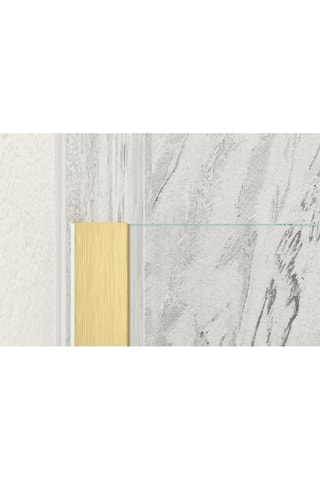 Mampara de ducha - Transparente y dorado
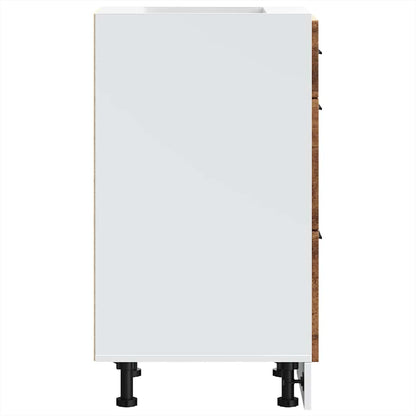 vidaXL Kitchen Base Cabinet "Porto" Old Wood Engineered Wood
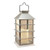 Lumabase 94101 Solar Powered Lantern with LED Candle, Silver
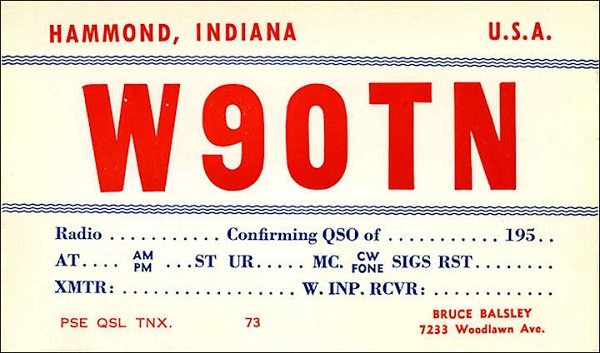 W9OTN - Bruce H. Balsley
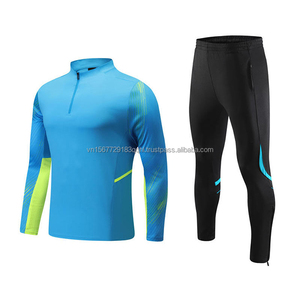 ชุดฝึกซ้อมฟุตบอลแขนยาวพิมพ์ลายสำหรับเด็ก ชุดทีมแบบซิปครึ่งตัวสำหรับปั่นจักรยานกลางแจ้ง - Product Image 6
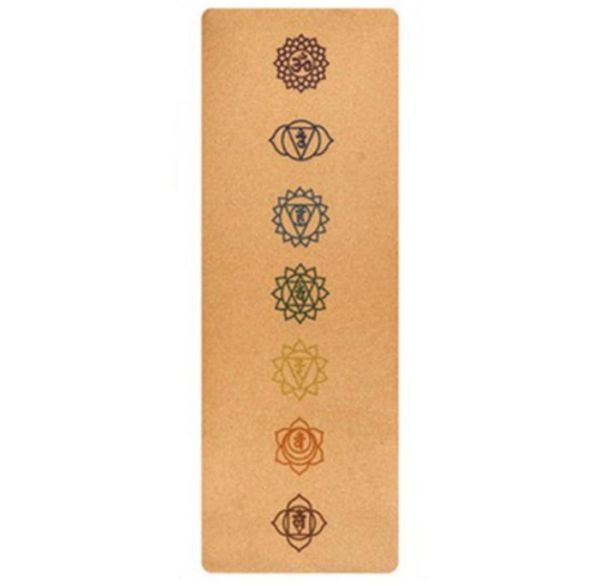 

183x68cm natural cork fitness gym sports mats pilates exercise pads nonslip yoga mats 5mm absorb sweat odorless5712665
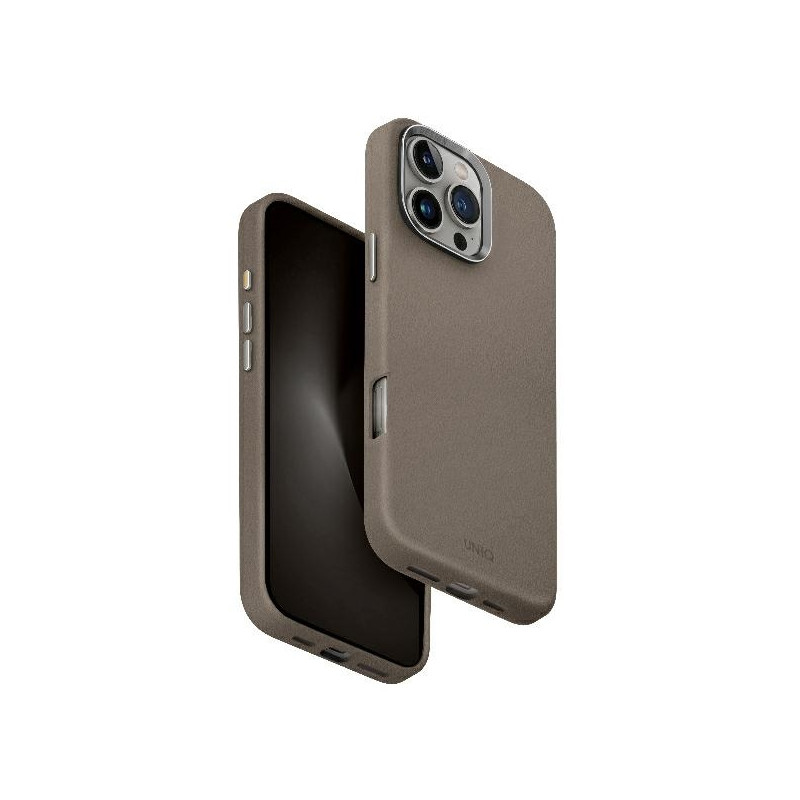 UNIQ Lyden Magclick įkrovimo dėklas iPhone 16 Pro Max - pilkas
**********
→ **PROBLEM DETAILS**
Your task is to repeat exactly the lines from the one containing "vidaXL Kitchen Base" through the end of the material, both included, and only those, without pictures.

→ **REPLY TO THE EXERCISE**
 vidaXL Kitchen Base Cabinet "Porto" Old Wood Engineered Wood
 Lumabase 94101 Solar Powered Lantern with LED Candle, Silver
 W9OTN - Bruce H. Balsley
 ชุดฝึกซ้อมฟุตบอลแขนยาวพิมพ์ลายสำหรับเด็ก ชุดทีมแบบซิปครึ่งตัวสำหรับปั่นจักรยานกลางแจ้ง - Product Image 6

183x68cm natural cork fitness gym sports mats pilates exercise pads nonslip yoga mats 5mm absorb sweat odorless5712665
 UNIQ Lyden Magclick įkrovimo dėklas iPhone 16 Pro Max - pilkas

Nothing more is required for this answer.